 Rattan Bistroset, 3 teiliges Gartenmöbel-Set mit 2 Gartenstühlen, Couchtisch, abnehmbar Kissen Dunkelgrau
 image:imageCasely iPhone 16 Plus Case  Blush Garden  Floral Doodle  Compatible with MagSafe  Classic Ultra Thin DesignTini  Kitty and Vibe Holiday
* * *
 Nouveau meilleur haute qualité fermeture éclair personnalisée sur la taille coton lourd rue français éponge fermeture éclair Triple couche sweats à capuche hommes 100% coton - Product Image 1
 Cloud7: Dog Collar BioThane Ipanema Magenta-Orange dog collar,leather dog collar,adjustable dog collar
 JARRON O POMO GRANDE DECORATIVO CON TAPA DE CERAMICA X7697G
==
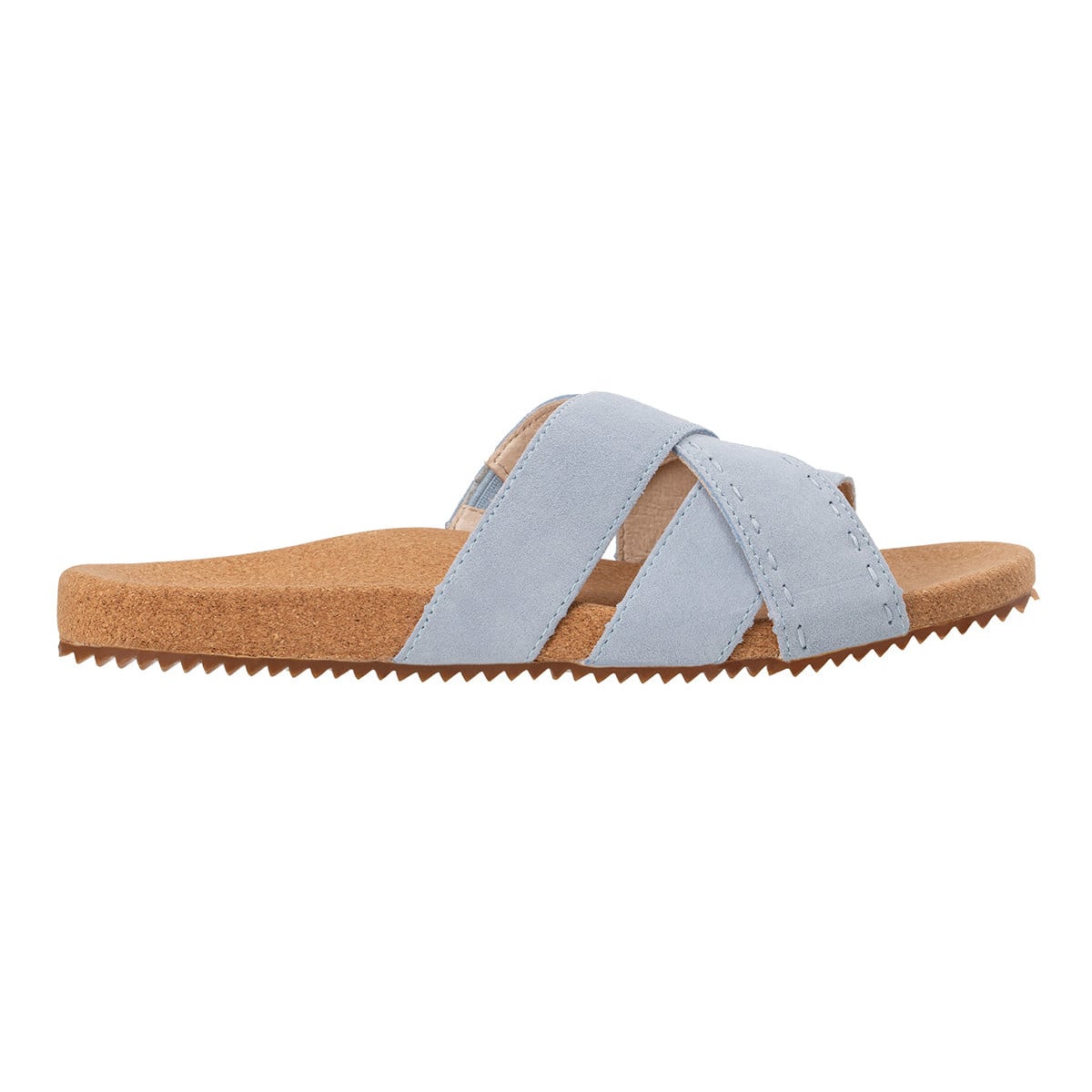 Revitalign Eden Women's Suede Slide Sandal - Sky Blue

What you are asked to do: Copy the entries above exactly, but only from the line holding "Rattan Bistroset, 3" through the line holding "image:imageCasely iPhone 16", both included.

Response for this exercise:
 Rattan Bistroset, 3 teiliges Gartenmöbel-Set mit 2 Gartenstühlen, Couchtisch, abnehmbar Kissen Dunkelgrau
 image:imageCasely iPhone 16 Plus Case  Blush Garden  Floral Doodle  Compatible with MagSafe  Classic Ultra Thin DesignTini  Kitty and Vibe Holiday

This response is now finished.